2019 NRA Leadership Forum
The 2019 NRA Leadership Forum in Indianapolis, Indiana / Stephen Gutowski

Analysis: The NRA’s Membership Problem

In testimony during Thursday’s NRA’s bankruptcy trial, CEO Wayne LaPierre said the gun-rights group currently has about 4.89 million dues-paying members, with about 2 million being lifetime members. That makes it by far the biggest gun group in America, but it also underscores a serious problem.

In 2013, LaPierre first announced the group had reached five million members. He said the group had added half a million members in the previous six months alone. He then promised to double the NRA’s numbers.

“By the time we’re finished, the NRA must and will be 10 million strong,” USA Today reported LaPierre saying at the group’s 2013 annual meeting.

Eight years later and the membership has not just stagnated but shrunk. While the Census shows the population grew by about 3.8 percent over that period, the NRA membership has apparently shrunk by about 2.2 percent.

If the NRA’s membership has hit a ceiling, that’s significant, and it’s a bad sign for the most influential gun-rights group on the planet. It’s also a bad sign for NRA leadership’s argument in their current argument in the bankruptcy case. NRA leadership has repeatedly argued the LaPierre is the driving force behind fundraising at the organization, and it could not operate anywhere as effectively without him. But LaPierre has not only failed to meet his self-set 2013 goal of doubling NRA membership; membership has actually receded by his own account.

I reached out to the NRA for comment on the membership numbers but did not hear back before publication.

A headline in the NRA’s America’s 1st Freedom magazine declared the group had reached 6 million members in August of 2018. The text of the article put it at “nearly 6 million” with “an increase of more than a million members since just before the Parkland shooting” earlier that year. The next month, NRA spokesman Andrew Arulanandam told The Washington Post the number was back to “approximately 5.5 million dues-paying members.”
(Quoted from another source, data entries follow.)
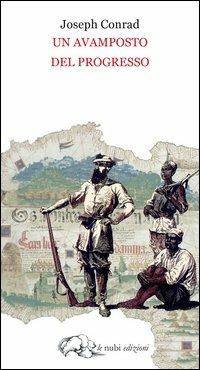 Un avamposto del progresso - Joseph Conrad - copertina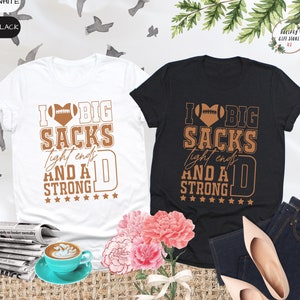I Love Big Sacks Tight Ends And A Strong D Shirt, Football Season Shirt, Game Day Gift, Funny Football Shirt, Football Fan Shirt, Sports Tee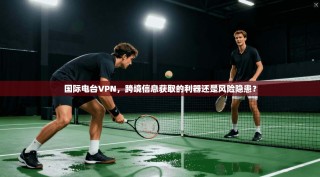 国际电台VPN，跨境信息获取的利器还是风险隐患？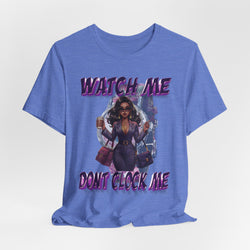 WATCH ME DON'T CLOCK ME Lady #1 Hip Hop Short Sleeve T-Shirt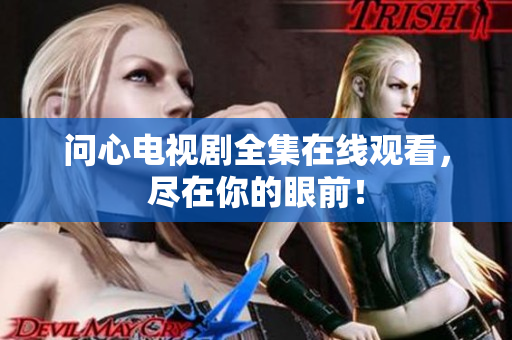 问心电视剧全集在线观看，尽在你的眼前！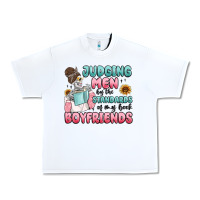 White judging men by the standards of my book boyfriends Urban Heavy Tee - MaliasSmallBusiness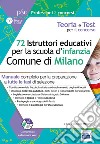 72 istruttori dei servizi educativi per la scuola dell'infanzia nel Comune di Milano libro di Mariani G.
Three years later, it’s back down to less than 5 million.

Membership in political organizations like the NRA tends to increase in election years and decrease otherwise. Major pushes for new federal gun-control laws, like those after the Sandy Hook and Parkland shootings, also have an obvious effect on NRA membership. So, some fluctuation year to year should be expected, but it doesn’t explain the eight-year flatline the group has seen.
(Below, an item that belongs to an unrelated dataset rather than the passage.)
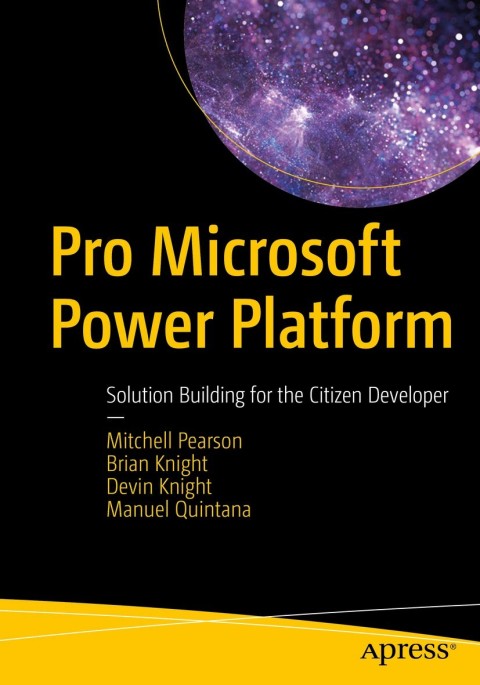 Pro Microsoft Power Platform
And the long-term trend should concern anyone who believes the NRA’s huge membership base is key to projecting the political power of gun owners. It’s the fact that millions of people are willing to pay the NRA money to be a member that gives it immense political influence. No other gun-related group on either side of the issue comes anywhere close to having that sort of dedicated fan base. Not Everytown for Gun Safety or Giffords or Gun Owners of America or anyone else.

With long-time NRA antagonist Joe Biden now in the Oval Office and attacking the group by name, there should be ample opportunity for the group to grow membership depending on how it emerges from the legal troubles it is currently entangled in. The NRA may be preoccupied with mere survival at this point, but they should turn an eye towards long-term growth as well. Forced dissolution would mean a quick death, but stagnation would mean a slow one.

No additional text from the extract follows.